Friday, October 24, 2008

Obama Confuses Former Hotties

Report by Don Hanson, DE Chapter


After a stump speech Friday in Dover, DE, while making idle small talk with a group of “commoners” fawning over the would-be next President of the United States, Barack Obama responded to questions about former Hollywood vixen Heather Locklear (pictured right).  John Marshall, a former Dover area high school football star and current part-time janitor at his former high school, lamenting that “all the political bull[puckey] going on was too depressing to talk about,” said that it was he who initially steered Obama to the topic of Locklear.  “I always thought [Locklear] was hot, and since I have virtually nothing in common with Mr. Obama, I figured we could talk about hot chicks.”

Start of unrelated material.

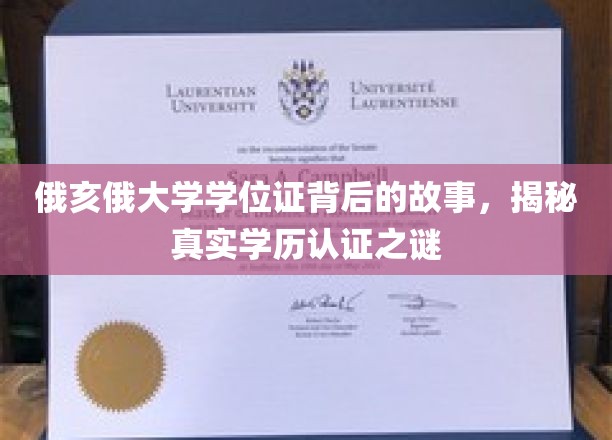 探寻俄亥俄大学学位证背后的传奇，学历认证的奥秘大揭秘
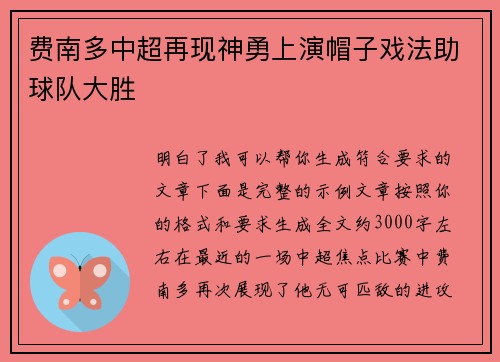 费南多中超再现神勇上演帽子戏法助球队大胜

What subsequently seeped from the Democratic Senator’s mouth shocked not only Marshall, but most of the other Obama devotees leaning on Barack’s every word.  “I think that tired old [actress] is tore up.  Yeah, [Locklear] used to be hot back when she was on The Fall Guy,” ranted Obama, “but now she looks more like that ol’ biddy (pictured left) married to John McCain.”  Following the outburst by the Presidential frontrunner, Marshall, shocked and dismayed, shook his head mournfully and muttered “what kind of idiot confuses Heather Locklear with Heather Thomas?”

Friday, October 17, 2008

Washington News In Brief

Scientists Fear Political Eruption Imminent


Report by Walter Hodges, OR Chapter


Government Seismologists cautioned Wednesday that underlying emotions stoked by political schisms are threatening to erupt in many areas of the country.  “The threat is particularly dangerous in so-called ‘battle ground’ states where the public is constantly bombarded with negative campaign ads,” says Dr. Francis Norton of the United States Geological Survey (USGS).  The USGS is suggesting that citizens avoid artificial stimulants such as caffeine and meth-amphetamines, and limiting exposure to political stimuli like political ads and that annoying guy at work with all the bumper stickers who won’t shut up about how only an idiot would vote for so-and-so.



Liberals Call GOP Billboard Racist


Report by Alan Bostwick, MN Chapter


Liberal political action committee (PAC) MoveOn.Org issued a statement on Tuesday demanding that billboards recently erected by the Republican National Committee (RNC) be removed immediately.  The billboards in question point out the difference between the so called “fast lane” and “slow lane”, and bill the ad as a “Public Service Announcement”. 


MoveOn.Org called the ad campaign as racist and demeaning to both Asians and Gays.  “Everyone knows that Asians and Gays are the world’s worst drivers, and this is an obvious attack on those people groups by the hate-mongers on the Right,” says MoveOn founder Joan Blades.  RNC spokesman Bill Daniels responded to the accusations by asking, “What?!”

Sunday, October 12, 2008

Nebraska Rejects “Flat” Characterization

Report by Jon Pranteen, NE Chapter


Calling the term “flat” a “repugnant mischaracterization of the beauty hidden within the gentle contours of the Great State of Nebraska,” Governor Dave Heineman, with the backing of the Nebraska State Legislature, announced that the great plains state would no longer answer to, “hey you, the really long, boring, flat state.”  Posing with 2007 Miss Heartland, Rachel Seidel, following the announcement, Governor Heineman joked with reporters saying, “as you can plainly see, Nebraska is anything but flat!”  Heineman’s wife, also pictured, reacted to the comment with a swift elbow to the governor’s ribs.  


After a heated exchange of incoherent mumbles between Heineman and Nebraska’s First Lady, the governor unveiled a replica of new state signs that had earlier in the week been place at either end of the state on Interstate 80.  Heineman closed the evening by inviting the World to “enjoy Nebraska’s subtle,” and winking at Seidel, “and not-so subtle contours!”